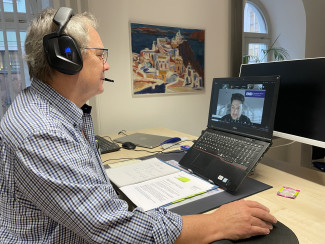 Dekan Jochen Wilde am Labtop in seinem Schreibtisch im Büro.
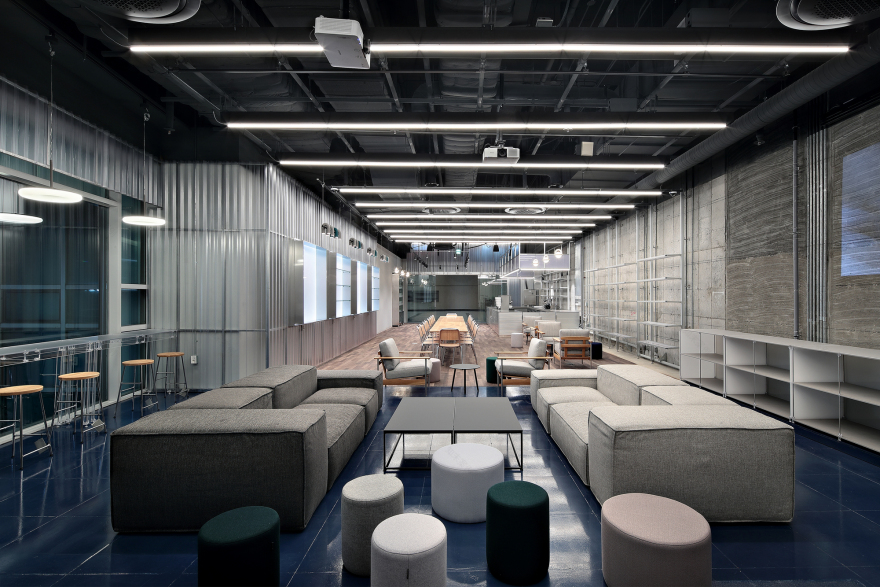 Seoul Made Space / Collective B-19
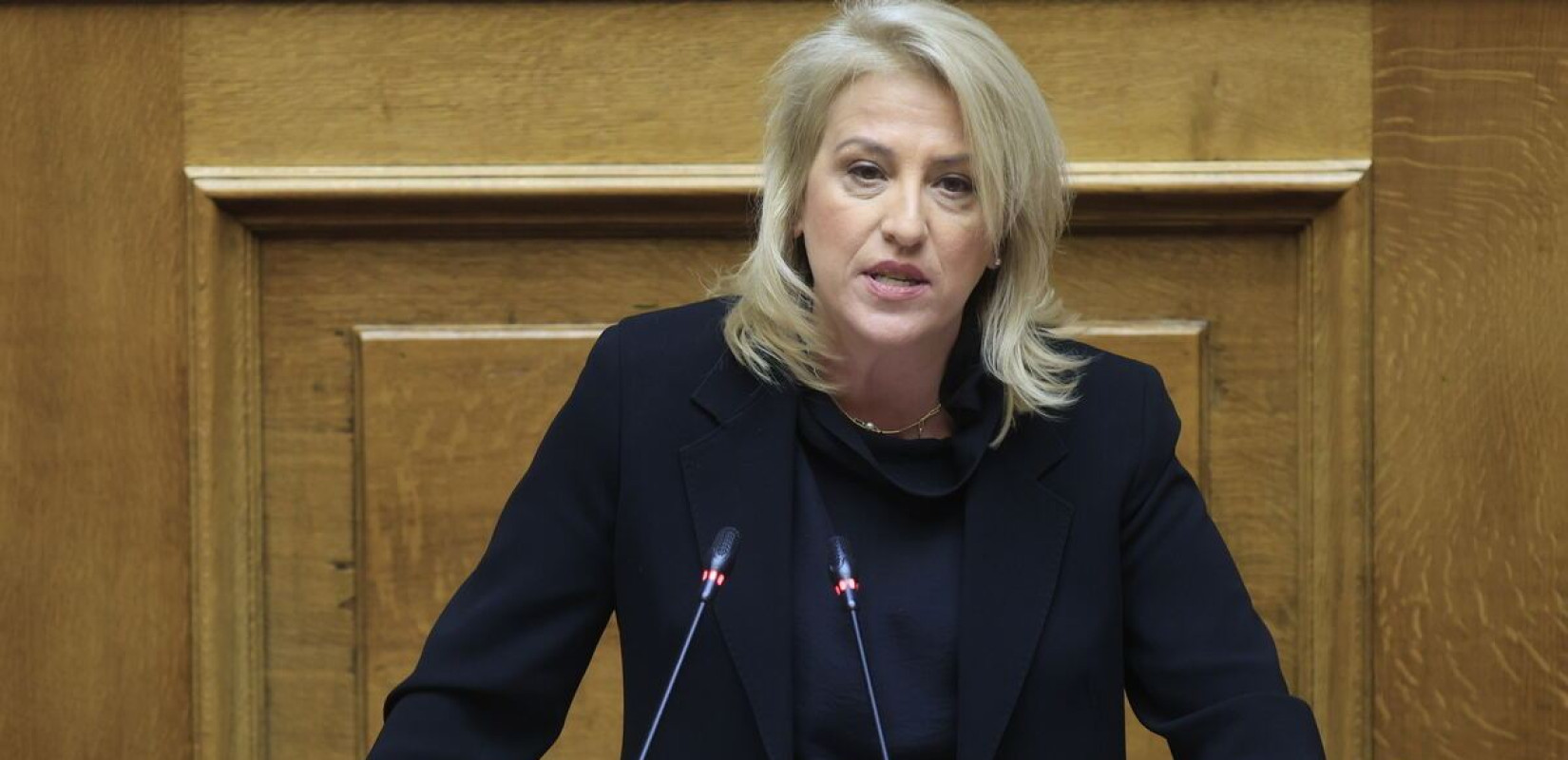 Την υπόθεση του ιδιοκτησιακού καθεστώτος της Μονής Σινά φέρνει στο επίκεντρο η Ρ. Δούρου με ερώτησή της στη Βουλή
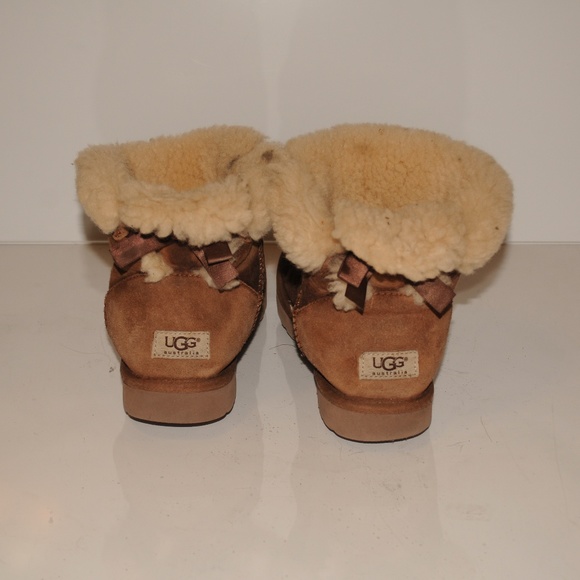 UGG Shoes - UGG Womens Bailey Bow Boot Size 8 Chestnut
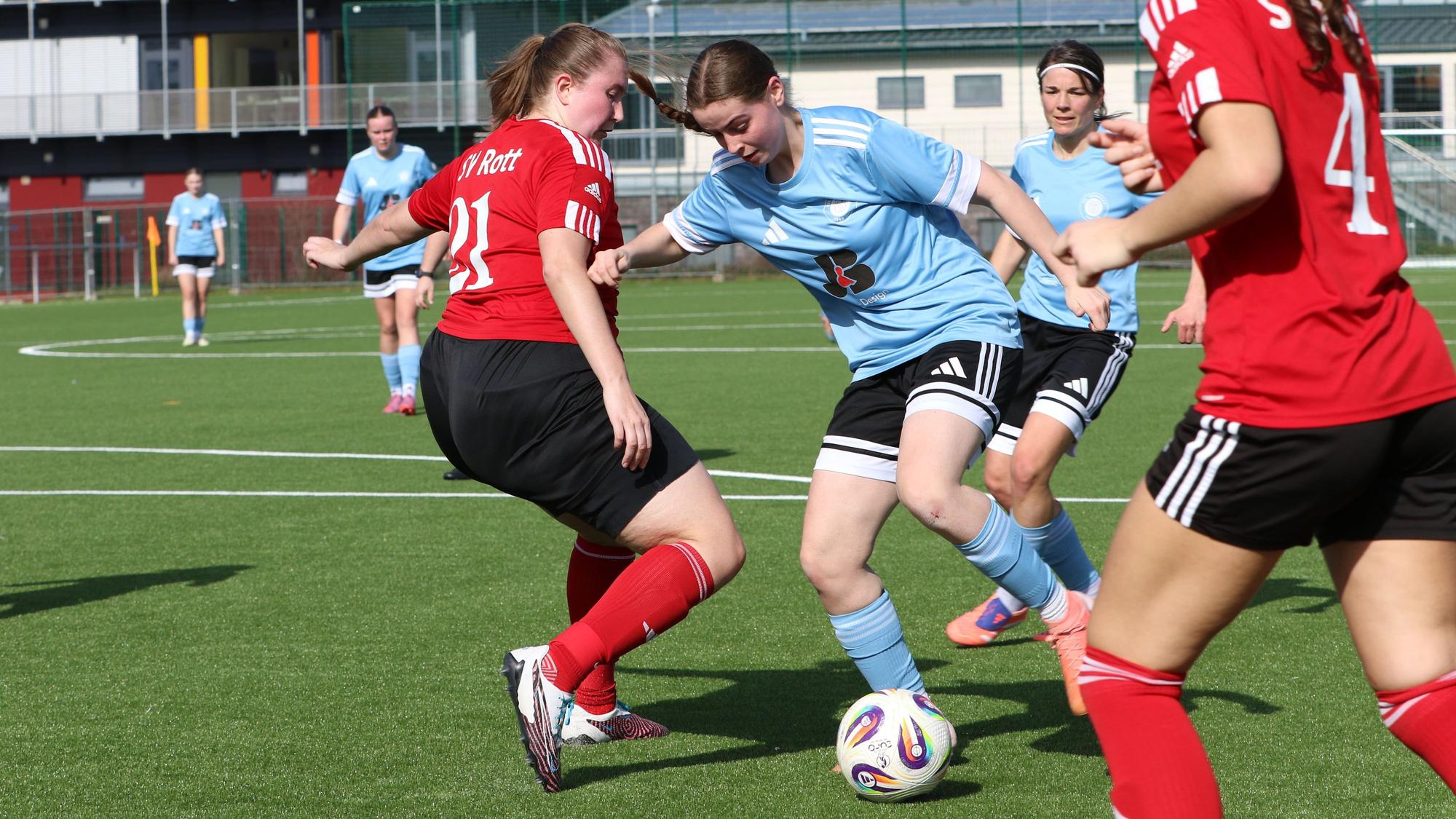 Hanna Frauenkron dribbelt sich gegen zwei Spielerinnen fest.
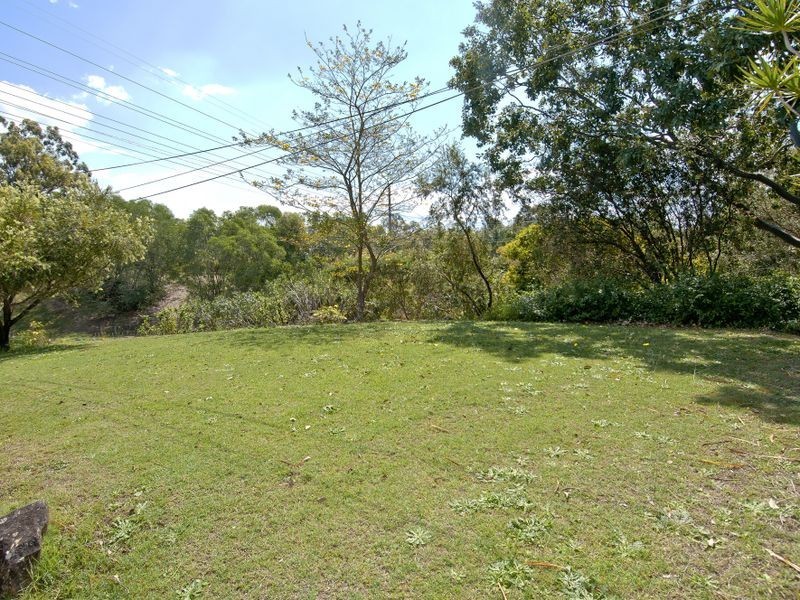 6 Bingo Street, Holmview QLD 4207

==================================================

Exercise instructions - Images should not appear in the copy; retype the listing above exactly.

Answer to the exercise -
 Dekan Jochen Wilde am Labtop in seinem Schreibtisch im Büro.
 Seoul Made Space / Collective B-19
 Την υπόθεση του ιδιοκτησιακού καθεστώτος της Μονής Σινά φέρνει στο επίκεντρο η Ρ. Δούρου με ερώτησή της στη Βουλή
 UGG Shoes - UGG Womens Bailey Bow Boot Size 8 Chestnut
 Hanna Frauenkron dribbelt sich gegen zwei Spielerinnen fest.
 6 Bingo Street, Holmview QLD 4207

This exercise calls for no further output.